— What you should do —
Print the line that contains "None Other - Happy", then every line after it until the entries end, exactly as they read; do not include pictures.

Start of Records for processing

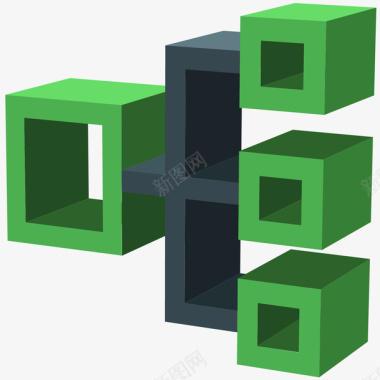 绿色方形立体总览元素矢量图图标图标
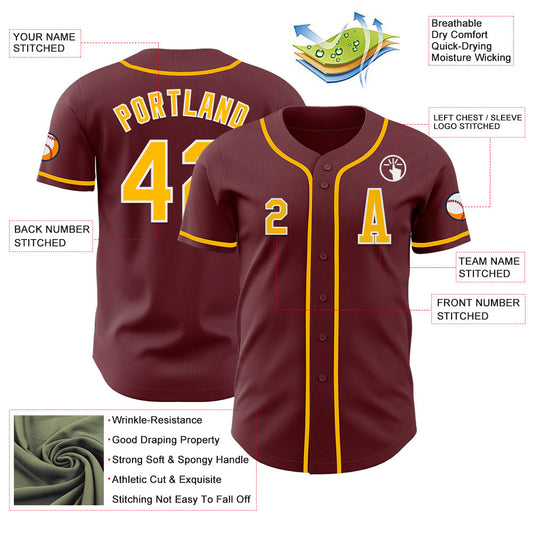 Custom Burgundy Gold-White Authentic Baseball Jersey - Sky-Custom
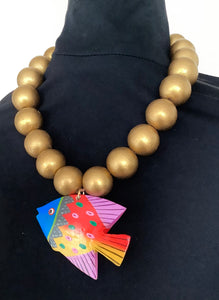 Wooden Tropical Fish Necklace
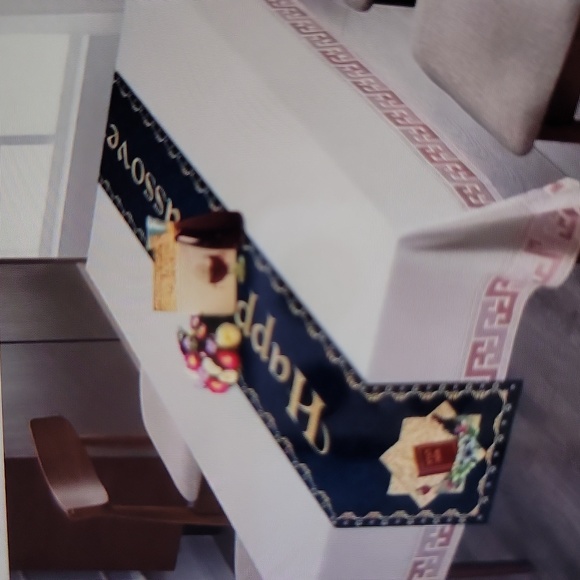 None Other - Happy Passover Table Runner Matzoh Wine  Holiday Symbols Blue Gold 14"x 72" NEW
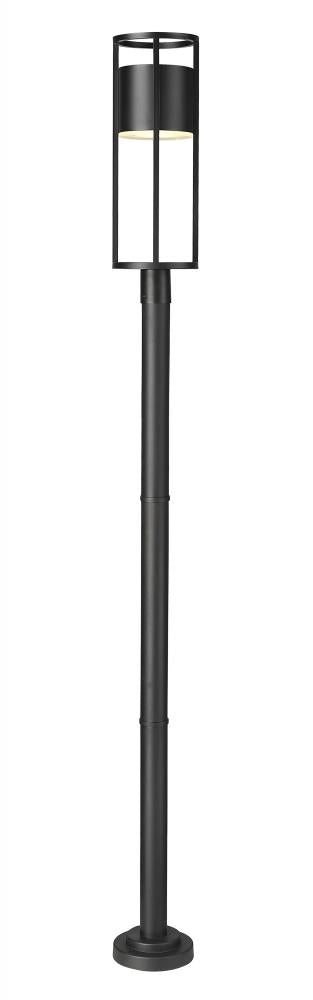 Z-Lite Luca 1 Light Outdoor Post Mounted Fixture in Black Finish Model: 517PHB-567P-BK-LED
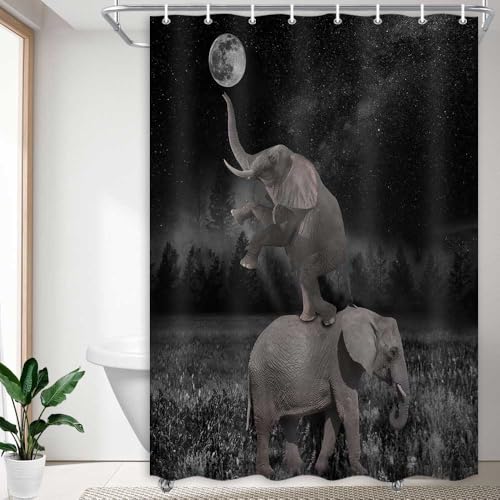 Image of Boziqr Funny Shower Curtains for Bathroom, Cute Elephant Moon Forest Bath Curtain, Rustic Farmhouse Decor Polyester Fabric Fun Cool Animals Black 47 x 64 Inches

End of Records for processing

— Solution to this exercise —
 None Other - Happy Passover Table Runner Matzoh Wine  Holiday Symbols Blue Gold 14"x 72" NEW
 Z-Lite Luca 1 Light Outdoor Post Mounted Fixture in Black Finish Model: 517PHB-567P-BK-LED
 Image of Boziqr Funny Shower Curtains for Bathroom, Cute Elephant Moon Forest Bath Curtain, Rustic Farmhouse Decor Polyester Fabric Fun Cool Animals Black 47 x 64 Inches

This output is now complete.